WALL Street's Tuesday rally failed to break the Straits Times Index's (STI) losing streak, with the local benchmark losing 8.28 points at 2,732.87 on Wednesday in response to falls in Hong Kong and the Dow futures.
Turnover at one billion units worth S$1.1 billion was average and excluding warrants, there were 182 rises versus 203 falls. It was the index's 12th loss in 13 sessions during which it has fallen 228 points or 7.7 per cent.
"It is difficult to see what might shake the market out of its present downturn,'' said a dealer. "For now, stocks are being avoided like the plague and safe havens like bonds are doing well.''
Banks have been the prime index movers during the past fortnight, though OCBC on Wednesday did manage a S$0.03 rise to S$8.33 on volume of 5.6 million.

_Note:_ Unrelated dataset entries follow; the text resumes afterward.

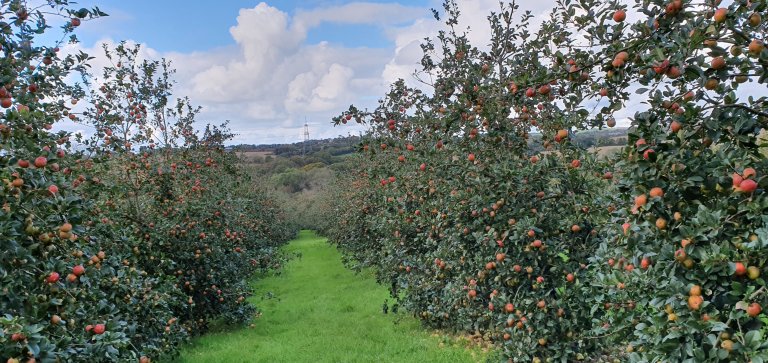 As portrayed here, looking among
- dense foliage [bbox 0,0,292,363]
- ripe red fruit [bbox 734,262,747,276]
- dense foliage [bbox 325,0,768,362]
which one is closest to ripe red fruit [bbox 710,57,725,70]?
dense foliage [bbox 325,0,768,362]

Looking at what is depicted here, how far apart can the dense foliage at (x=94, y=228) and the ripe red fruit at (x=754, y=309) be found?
149 inches

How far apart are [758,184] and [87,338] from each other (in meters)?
4.56

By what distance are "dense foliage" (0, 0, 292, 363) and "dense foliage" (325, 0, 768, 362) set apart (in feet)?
11.0

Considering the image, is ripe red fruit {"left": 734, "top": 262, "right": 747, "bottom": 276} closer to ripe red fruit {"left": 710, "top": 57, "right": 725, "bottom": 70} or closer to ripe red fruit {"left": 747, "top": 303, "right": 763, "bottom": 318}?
ripe red fruit {"left": 747, "top": 303, "right": 763, "bottom": 318}

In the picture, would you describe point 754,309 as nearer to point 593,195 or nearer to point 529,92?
point 529,92

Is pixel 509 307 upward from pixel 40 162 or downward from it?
downward

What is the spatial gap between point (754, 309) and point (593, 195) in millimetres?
3531

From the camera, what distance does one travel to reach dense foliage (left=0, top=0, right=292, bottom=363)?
11.3 feet

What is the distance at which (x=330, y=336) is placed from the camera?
406 inches

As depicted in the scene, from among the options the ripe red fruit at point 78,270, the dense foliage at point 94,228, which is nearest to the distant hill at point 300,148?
the dense foliage at point 94,228

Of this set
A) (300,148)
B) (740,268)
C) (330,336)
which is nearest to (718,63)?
(740,268)

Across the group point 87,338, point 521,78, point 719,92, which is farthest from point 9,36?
point 719,92

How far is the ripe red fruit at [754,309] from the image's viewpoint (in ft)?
7.73

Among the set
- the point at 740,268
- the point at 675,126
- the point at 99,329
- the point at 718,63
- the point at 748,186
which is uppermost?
the point at 718,63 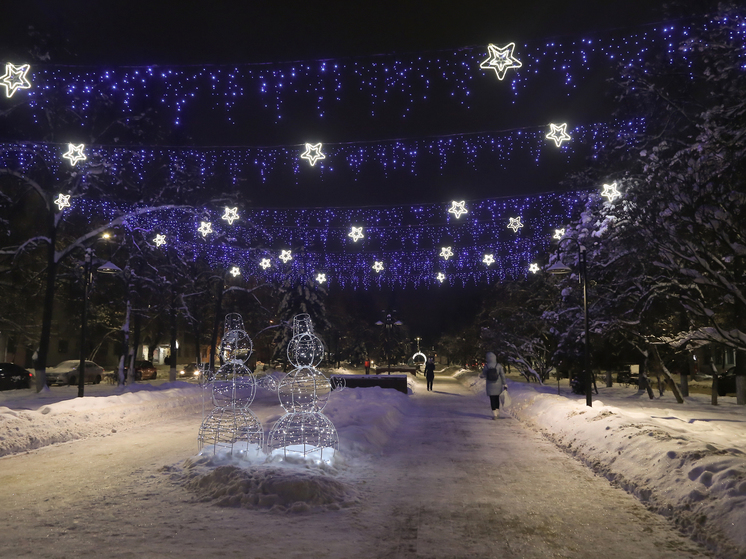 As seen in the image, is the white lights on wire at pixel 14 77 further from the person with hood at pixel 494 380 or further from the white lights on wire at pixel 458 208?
the person with hood at pixel 494 380

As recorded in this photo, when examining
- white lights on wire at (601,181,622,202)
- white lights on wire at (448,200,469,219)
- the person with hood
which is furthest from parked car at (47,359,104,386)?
white lights on wire at (601,181,622,202)

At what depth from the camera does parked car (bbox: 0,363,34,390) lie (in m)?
27.4

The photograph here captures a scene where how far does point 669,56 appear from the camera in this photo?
1483cm

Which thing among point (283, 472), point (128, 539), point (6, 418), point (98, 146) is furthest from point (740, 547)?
point (98, 146)

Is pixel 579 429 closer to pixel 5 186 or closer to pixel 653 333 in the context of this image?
pixel 653 333

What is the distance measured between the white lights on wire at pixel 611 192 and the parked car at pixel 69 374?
29.2 metres

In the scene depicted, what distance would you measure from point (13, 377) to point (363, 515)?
2796 cm

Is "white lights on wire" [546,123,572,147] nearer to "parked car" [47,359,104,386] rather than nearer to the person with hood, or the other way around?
the person with hood

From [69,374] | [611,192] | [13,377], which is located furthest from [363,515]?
[69,374]

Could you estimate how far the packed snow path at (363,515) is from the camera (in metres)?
5.39

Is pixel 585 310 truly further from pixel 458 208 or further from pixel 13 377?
pixel 13 377

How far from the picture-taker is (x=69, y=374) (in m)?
31.4

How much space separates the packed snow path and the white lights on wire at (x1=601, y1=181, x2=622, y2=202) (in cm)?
937

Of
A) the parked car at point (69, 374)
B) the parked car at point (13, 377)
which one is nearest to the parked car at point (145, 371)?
the parked car at point (69, 374)
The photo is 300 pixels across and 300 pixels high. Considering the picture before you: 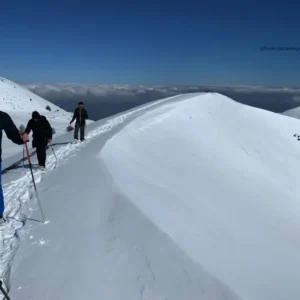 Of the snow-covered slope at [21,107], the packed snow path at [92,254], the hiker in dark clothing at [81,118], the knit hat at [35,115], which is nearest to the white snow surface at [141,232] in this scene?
the packed snow path at [92,254]

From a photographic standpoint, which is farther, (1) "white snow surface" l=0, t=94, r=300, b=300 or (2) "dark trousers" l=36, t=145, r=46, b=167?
(2) "dark trousers" l=36, t=145, r=46, b=167

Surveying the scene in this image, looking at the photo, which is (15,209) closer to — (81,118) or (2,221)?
(2,221)

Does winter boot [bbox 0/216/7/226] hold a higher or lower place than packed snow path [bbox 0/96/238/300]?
lower

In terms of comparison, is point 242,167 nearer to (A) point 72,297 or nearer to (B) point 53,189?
(B) point 53,189

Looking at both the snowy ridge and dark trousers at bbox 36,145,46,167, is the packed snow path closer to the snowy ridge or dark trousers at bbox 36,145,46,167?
the snowy ridge

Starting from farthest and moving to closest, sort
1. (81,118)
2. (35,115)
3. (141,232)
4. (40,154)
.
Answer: (81,118), (40,154), (35,115), (141,232)

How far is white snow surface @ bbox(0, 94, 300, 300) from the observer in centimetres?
410

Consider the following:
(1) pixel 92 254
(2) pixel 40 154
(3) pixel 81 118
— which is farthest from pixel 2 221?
(3) pixel 81 118

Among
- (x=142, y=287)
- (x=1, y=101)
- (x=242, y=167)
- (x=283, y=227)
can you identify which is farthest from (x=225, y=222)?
(x=1, y=101)

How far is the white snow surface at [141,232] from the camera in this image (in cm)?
410

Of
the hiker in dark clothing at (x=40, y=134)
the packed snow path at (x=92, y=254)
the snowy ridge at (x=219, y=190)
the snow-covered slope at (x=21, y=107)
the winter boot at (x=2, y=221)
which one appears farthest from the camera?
the snow-covered slope at (x=21, y=107)

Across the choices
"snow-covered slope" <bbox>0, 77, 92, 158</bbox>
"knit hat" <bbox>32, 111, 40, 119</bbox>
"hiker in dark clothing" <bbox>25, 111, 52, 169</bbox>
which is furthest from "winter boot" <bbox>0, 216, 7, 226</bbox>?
"snow-covered slope" <bbox>0, 77, 92, 158</bbox>

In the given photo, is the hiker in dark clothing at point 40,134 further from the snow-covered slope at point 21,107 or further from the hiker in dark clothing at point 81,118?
the snow-covered slope at point 21,107

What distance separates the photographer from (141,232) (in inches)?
207
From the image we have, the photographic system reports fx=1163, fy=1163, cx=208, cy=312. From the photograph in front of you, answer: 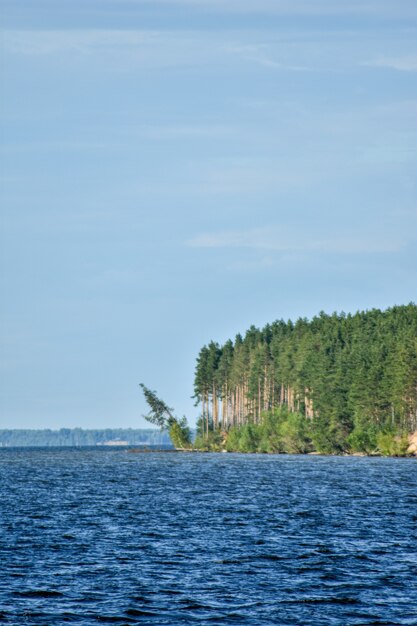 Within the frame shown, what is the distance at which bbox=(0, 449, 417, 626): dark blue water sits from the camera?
33.2 m

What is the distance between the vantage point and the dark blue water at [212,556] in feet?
109

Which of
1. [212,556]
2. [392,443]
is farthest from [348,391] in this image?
[212,556]

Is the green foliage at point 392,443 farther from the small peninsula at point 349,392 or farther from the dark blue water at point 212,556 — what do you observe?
the dark blue water at point 212,556

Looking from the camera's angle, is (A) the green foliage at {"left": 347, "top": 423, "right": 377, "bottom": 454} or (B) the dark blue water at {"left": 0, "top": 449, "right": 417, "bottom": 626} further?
(A) the green foliage at {"left": 347, "top": 423, "right": 377, "bottom": 454}

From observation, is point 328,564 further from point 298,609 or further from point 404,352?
point 404,352

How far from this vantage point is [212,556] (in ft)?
146

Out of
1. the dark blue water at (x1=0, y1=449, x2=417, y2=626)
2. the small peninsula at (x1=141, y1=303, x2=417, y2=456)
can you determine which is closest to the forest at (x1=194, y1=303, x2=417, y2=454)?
the small peninsula at (x1=141, y1=303, x2=417, y2=456)

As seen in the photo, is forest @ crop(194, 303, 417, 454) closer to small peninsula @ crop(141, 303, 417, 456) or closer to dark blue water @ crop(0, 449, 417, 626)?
small peninsula @ crop(141, 303, 417, 456)

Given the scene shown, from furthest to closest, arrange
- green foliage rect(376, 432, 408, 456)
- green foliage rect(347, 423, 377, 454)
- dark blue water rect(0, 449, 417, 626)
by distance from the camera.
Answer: green foliage rect(347, 423, 377, 454), green foliage rect(376, 432, 408, 456), dark blue water rect(0, 449, 417, 626)

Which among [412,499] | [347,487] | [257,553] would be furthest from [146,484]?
[257,553]

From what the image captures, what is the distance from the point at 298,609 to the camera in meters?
33.4

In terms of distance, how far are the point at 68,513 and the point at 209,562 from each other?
79.9 feet

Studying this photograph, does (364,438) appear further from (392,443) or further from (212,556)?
(212,556)

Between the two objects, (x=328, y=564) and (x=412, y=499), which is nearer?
(x=328, y=564) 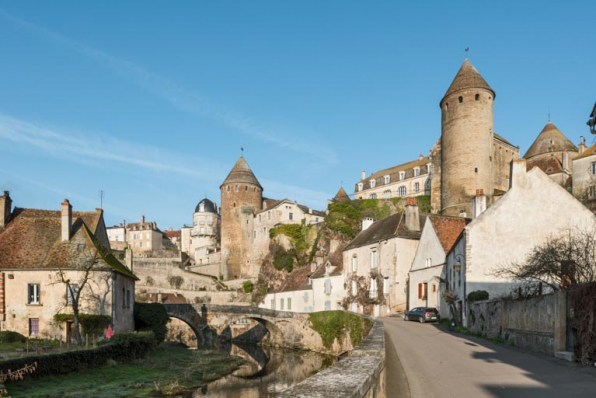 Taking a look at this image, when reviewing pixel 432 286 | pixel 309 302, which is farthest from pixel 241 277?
pixel 432 286

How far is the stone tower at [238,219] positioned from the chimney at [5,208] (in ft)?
150

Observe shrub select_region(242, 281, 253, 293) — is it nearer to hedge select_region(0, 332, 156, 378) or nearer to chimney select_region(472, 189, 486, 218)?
hedge select_region(0, 332, 156, 378)

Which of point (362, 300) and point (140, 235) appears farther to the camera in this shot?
point (140, 235)

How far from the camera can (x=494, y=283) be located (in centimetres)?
2383

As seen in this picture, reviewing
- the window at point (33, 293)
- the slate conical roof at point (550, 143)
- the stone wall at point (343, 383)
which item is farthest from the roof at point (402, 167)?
the stone wall at point (343, 383)

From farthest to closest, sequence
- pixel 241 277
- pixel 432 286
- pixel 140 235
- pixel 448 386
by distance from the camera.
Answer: pixel 140 235
pixel 241 277
pixel 432 286
pixel 448 386

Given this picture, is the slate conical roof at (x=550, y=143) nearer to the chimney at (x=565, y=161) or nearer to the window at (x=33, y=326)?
the chimney at (x=565, y=161)

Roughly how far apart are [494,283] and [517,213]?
333 cm

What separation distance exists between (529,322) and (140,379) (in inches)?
613

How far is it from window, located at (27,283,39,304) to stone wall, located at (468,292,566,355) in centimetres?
2227

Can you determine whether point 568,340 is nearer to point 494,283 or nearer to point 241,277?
point 494,283

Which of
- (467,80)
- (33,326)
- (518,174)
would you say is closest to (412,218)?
(518,174)

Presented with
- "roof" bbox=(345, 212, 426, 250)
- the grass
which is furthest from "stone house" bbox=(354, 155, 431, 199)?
the grass

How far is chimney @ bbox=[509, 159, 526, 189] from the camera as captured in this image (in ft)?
78.2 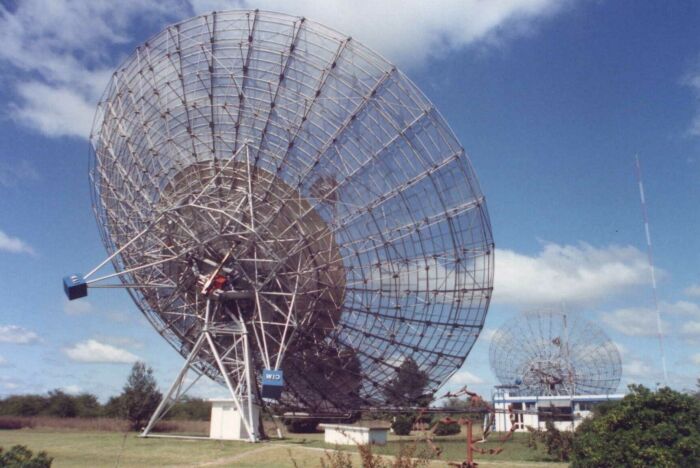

DBS and UOB, on the other hand, closed weaker.
A big index loser was commodities firm Wilmar International, whose shares sank S$0.12 or 3.5 per cent to S$3.29 on volume of 34.1 million after the company, when reporting its first quarter earnings, said it expects operating conditions in the second quarter to be challenging.
Macquarie Warrants (MW) in its daily newsletter said Macquarie Equities Research (MER) views Wilmar's first quarter performance as strong, but the mixed outlook statement raises the spectre of past periods of heightened margin volatility, which will temper the market's enthusiasm. It said MER has a "neutral" rating on Wilmar with a 12-month target price of S$3.45.